The two women had a contentious relationship. Marisa Hierro had recently quit working for Shelton and had opened up her own immigration consulting business. Shelton wasn't happy about it, Marisa says, and soon the two women were accusing each other of scamming their clients.
But Shelton had an alibi for the night of the shooting. Records show that she was on the phone at the time of the murder. She said she was talking to her mother, as well as a psychologist who worked with her clients.
"At one point I thought, well, maybe I did do it," Shelton said. "Maybe I blacked out and did it or something … and I talked to the psychologist, and I said, 'Look, maybe I did do it, you know? I keep feeling like so many people can't be wrong,' and he said, 'It's impossible. I was talking to you, like, when it was happening, on the phone.'"
However, one person didn't have a solid alibi — Catherine Shelton's husband, Clint. His DNA was found on a mask in a nearby Porta Potty. He went on trial and was convicted and is still serving a life sentence for gunning down the Hierros.

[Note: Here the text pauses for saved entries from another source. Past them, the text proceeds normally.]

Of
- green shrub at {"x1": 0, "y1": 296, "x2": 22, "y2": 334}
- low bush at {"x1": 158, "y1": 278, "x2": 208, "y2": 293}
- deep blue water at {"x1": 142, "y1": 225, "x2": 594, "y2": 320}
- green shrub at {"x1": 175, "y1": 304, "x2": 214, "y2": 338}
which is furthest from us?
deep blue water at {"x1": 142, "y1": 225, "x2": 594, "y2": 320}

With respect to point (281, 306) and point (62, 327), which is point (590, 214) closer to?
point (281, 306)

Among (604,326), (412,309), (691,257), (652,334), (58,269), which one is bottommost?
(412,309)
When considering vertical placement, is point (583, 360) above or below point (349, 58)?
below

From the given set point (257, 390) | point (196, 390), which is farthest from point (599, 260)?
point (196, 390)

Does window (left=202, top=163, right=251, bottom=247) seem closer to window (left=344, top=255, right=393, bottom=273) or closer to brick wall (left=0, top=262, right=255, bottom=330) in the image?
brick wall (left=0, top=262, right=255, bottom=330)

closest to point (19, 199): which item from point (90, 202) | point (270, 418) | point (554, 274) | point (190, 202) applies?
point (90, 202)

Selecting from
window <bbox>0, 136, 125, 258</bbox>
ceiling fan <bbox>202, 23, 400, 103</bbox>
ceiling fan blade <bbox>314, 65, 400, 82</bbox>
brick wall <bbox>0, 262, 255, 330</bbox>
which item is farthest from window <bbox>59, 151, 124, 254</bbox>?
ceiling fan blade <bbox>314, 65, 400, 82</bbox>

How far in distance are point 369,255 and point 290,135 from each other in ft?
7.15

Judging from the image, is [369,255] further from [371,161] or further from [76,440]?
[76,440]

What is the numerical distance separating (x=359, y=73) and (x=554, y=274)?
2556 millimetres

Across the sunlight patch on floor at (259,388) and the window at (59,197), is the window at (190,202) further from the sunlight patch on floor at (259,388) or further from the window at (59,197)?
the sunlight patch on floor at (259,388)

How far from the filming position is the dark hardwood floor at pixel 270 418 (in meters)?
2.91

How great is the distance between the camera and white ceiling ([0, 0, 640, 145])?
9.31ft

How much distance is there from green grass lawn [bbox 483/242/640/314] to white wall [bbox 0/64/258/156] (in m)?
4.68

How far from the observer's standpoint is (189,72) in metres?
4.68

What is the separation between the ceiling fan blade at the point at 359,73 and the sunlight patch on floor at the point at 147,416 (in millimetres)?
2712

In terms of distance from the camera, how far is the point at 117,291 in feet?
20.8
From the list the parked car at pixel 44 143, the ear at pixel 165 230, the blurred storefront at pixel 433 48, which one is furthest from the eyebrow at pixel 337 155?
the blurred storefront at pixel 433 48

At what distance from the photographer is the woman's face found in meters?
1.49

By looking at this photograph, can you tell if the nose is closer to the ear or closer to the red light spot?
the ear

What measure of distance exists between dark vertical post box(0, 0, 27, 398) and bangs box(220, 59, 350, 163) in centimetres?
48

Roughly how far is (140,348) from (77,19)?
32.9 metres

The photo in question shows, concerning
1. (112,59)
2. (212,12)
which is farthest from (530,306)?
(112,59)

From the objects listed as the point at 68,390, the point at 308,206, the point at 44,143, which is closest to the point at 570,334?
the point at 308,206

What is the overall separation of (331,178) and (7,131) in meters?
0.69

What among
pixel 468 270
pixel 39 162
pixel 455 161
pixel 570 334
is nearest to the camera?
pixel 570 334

Marisa Hierro would later sue Shelton for wrongful death. The case was eventually dropped but Shelton would later counter-sue saying that Marisa had falsely blamed her and her husband Clint for the crime and that all of her claims were untrue. Hierro and her lawyer didn't show up for the trial and Catherine won by default. The ruling? Marisa libeled Shelton by accusing her of murder.
Shelton says her husband is innocent, and the real culprit is Marisa Hierro herself. She says Marisa had been running an immigration scam, taking money from immigrants who wanted green cards and doing little or nothing to help them. Shelton claims Michael Hierro found out about the scam and he was going to expose his wife.
"I know Michael was inconvenient to her," Shelton said. "She was directly responsible. Even if she did not herself pull the trigger… she made it happen."
Marisa Hierro denied that she would ever hurt her husband and pointed to Shelton's history as an indicator of her guilt. "If you look at Catherine now and you see what I know now of her past and all the people that she's hurt," she said, "how many people does she do this to, and she points the finger back?"
And there are two additional men who died that have links to her, bringing the total to five. In 1999, a man named Chris Hansen turned up dead and naked, hanging in the closet area of a house that she owned but had not yet moved into. He'd been doing some contracting work at the house. According to newspaper reports at time his death was ruled an accident by autoerotic asphyxiation. And more recently, in 2017, an elderly veteran named Sam Shelton (no relation) died in her home. She said she was taking care of him, and he died of natural causes.
Shelton has never been charged with murder. So, are all the deaths around her a coincidence, or just bad luck? "I wouldn't say it's a coincidence," Shelton told "48 Hours." She said the deaths make more sense when you consider her career as a criminal defense attorney. "Consider the world that I moved in … I know police officers who know many, many times more people than I did who died, whom they knew. Does that mean bad luck is following them around? Is that coincidence? No, it's their line of work."
Shelton says if she could do it all again, she might choose a different career. "I would like to have been a librarian," she said. "That was what I really wanted to do."